**What to work on**:
Give a faithful, exact copy of all entries, minus the images.

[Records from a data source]
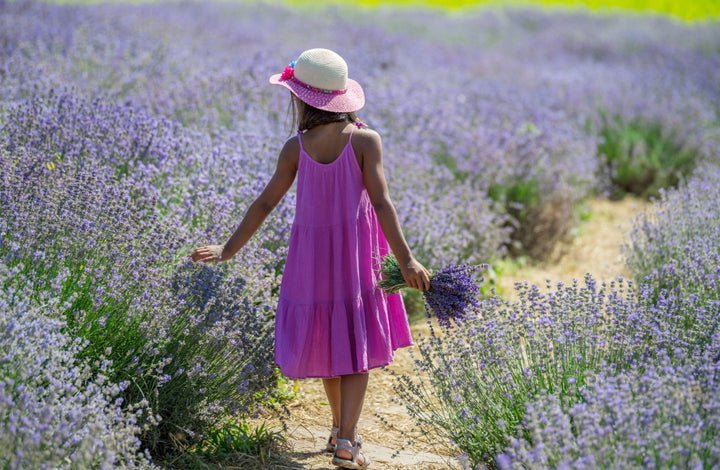 Premium Lavender Products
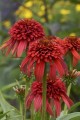 echinacea hot papaya 6.jpg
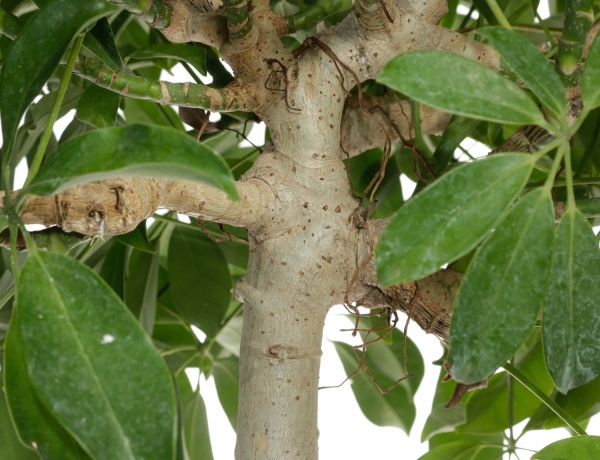 Рослина кімнатна Шеффлера 27/120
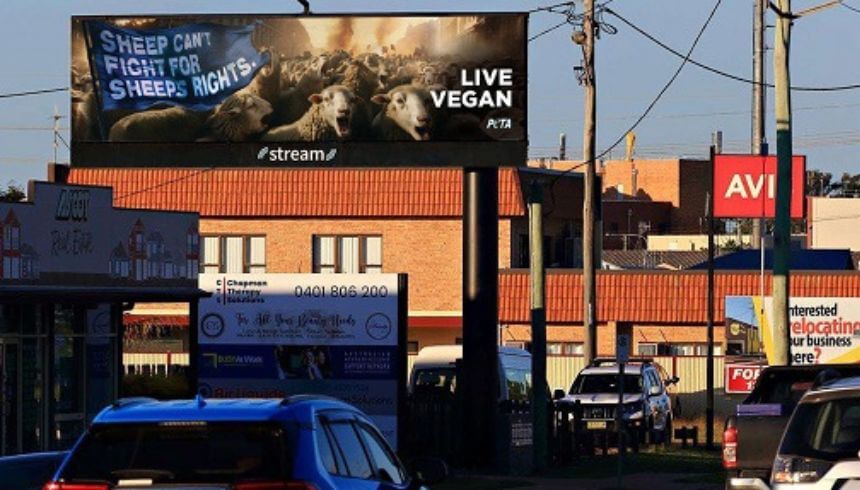 Sheep Rights Billboard Campaign Fires Up Lamb-Eating Aussies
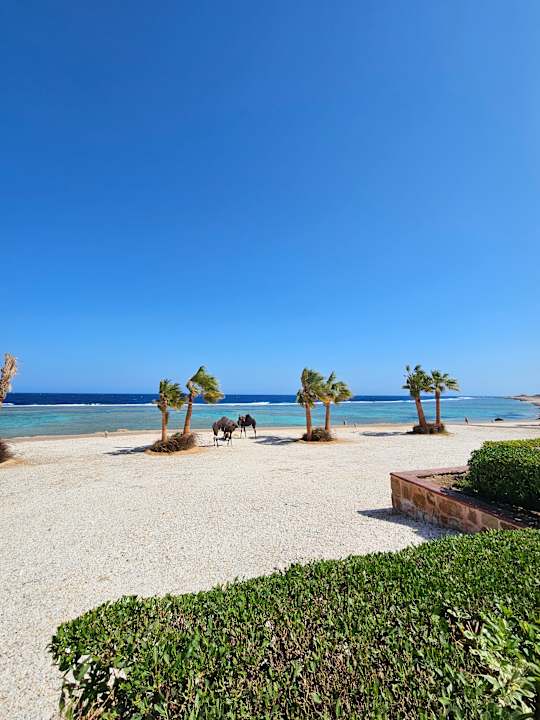 Außenansicht Mövenpick Resort El Quseir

**Answer below**:
 Premium Lavender Products
 echinacea hot papaya 6.jpg
 Рослина кімнатна Шеффлера 27/120
 Sheep Rights Billboard Campaign Fires Up Lamb-Eating Aussies
 Außenansicht Mövenpick Resort El Quseir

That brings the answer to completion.